Orang Kuat Menurut Agama


Orang yang paling kuat adalah orang yang bisa menahan dan mengendalikan amarahnya. Dalam sebuah riwayat, Rasulullah saw menyatakan :
“Orang kuat bukanlah orang yang menang bergulat, tetapi yang disebut orang kuat adalah orang yang bisa mengendalikan dirinya pada saat marah”.[HR. Bukhari dan Muslim]
Marah (Ghazab) merupakan fithrah yang telah diberikan Allah kepada setiap manusia. Setiap manusia pasti pernah merasakan rasa amarah. Namun demikian, Islam telah memerintahkan umatnya agar bisa menahan amarah. Allah swt berfirman, artinya :
“..dan orang-orang yang bisa menahan amarahnya dan memaafkan kesalahan orang lain.”[Ali Imron:135]
Ayat ini menjelaskan bahwa mengendalikan amarah adalah salah satu sifat orang-orang yang bertaqwa. Bahkan akan lebih utama lagi apabila ia memaafkan kesalahan orang yang membuat dirinya marah. Dalam sebuah hadits qudsi disebutkan bahwa Nabi Musa as pernah bertanya kepada Allah swt:
“Ya Rabbi! Siapakah di antara hambaMu yang lebih mulia menurut pandanganMu? Allah berfirman,”Ialah orang yang apabila berhail menguasai musuhnya darpat segera memaafkannya.”[HR. Kharaithi dari Abu Hurairah].

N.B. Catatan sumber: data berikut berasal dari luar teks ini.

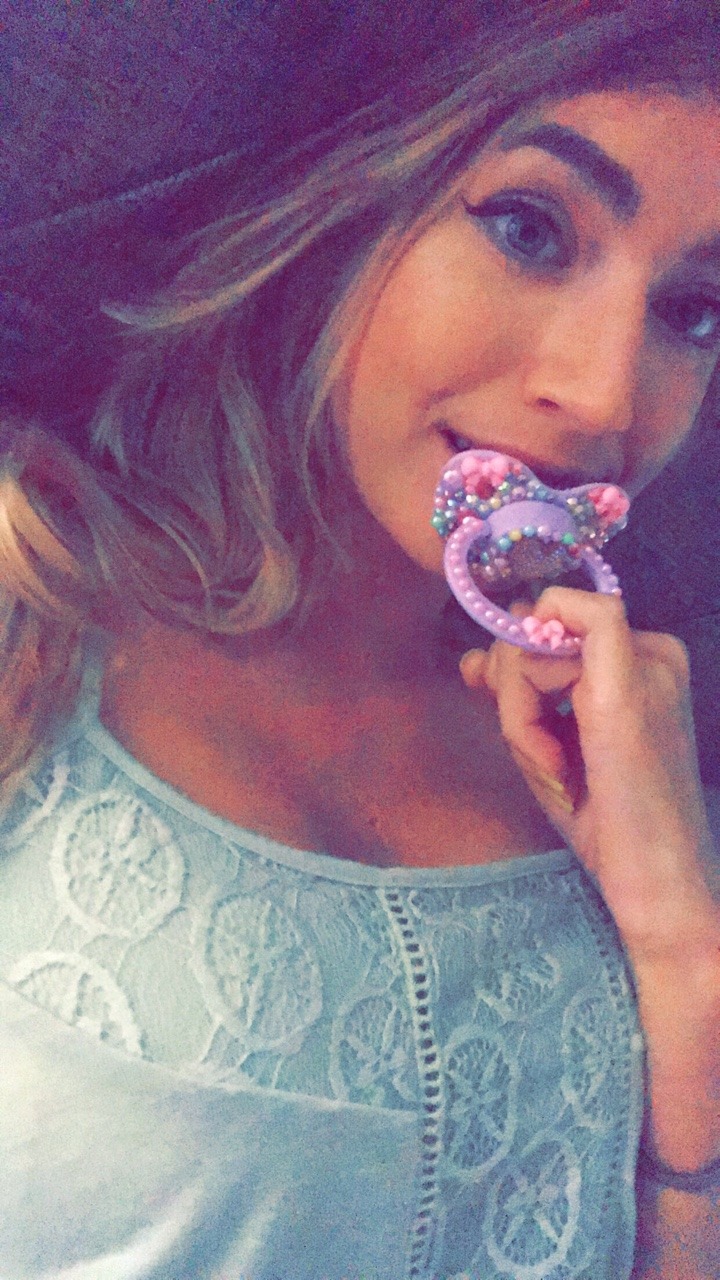 kayleeheartkins:  Any dumb babies out there?  Use my code “Kayleeheart” to get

Atas dasar itu, orang yang memiliki kemuliaan tinggi adalah orang yang mampu memaafkan musuh-musuhnya. Sungguh, memaafkan orang-orang yang telah menyakiti dan memusuhi kita merupakan perkara yang sangat berat dan membutuhkan pengendalian emosi. Wajar saja apabila orang yang bisa memaafkan kesalahan orang lain terkategori orang-orang bertaqwa dan akan mendapatkan kemuliaan di sisi Allah swt. Al-Quran juga telah menyinggung masalah ini di beberapa tempat.
“Memaafkan itu lebih mendekatkan kepada taqwa.”[al-baqarah:237]“Dan hendaklah mereka suka memaafkan dan mengampuni. Apakah kalian tidak suka Allah mengampuni kalian?’[al-Nuur:22]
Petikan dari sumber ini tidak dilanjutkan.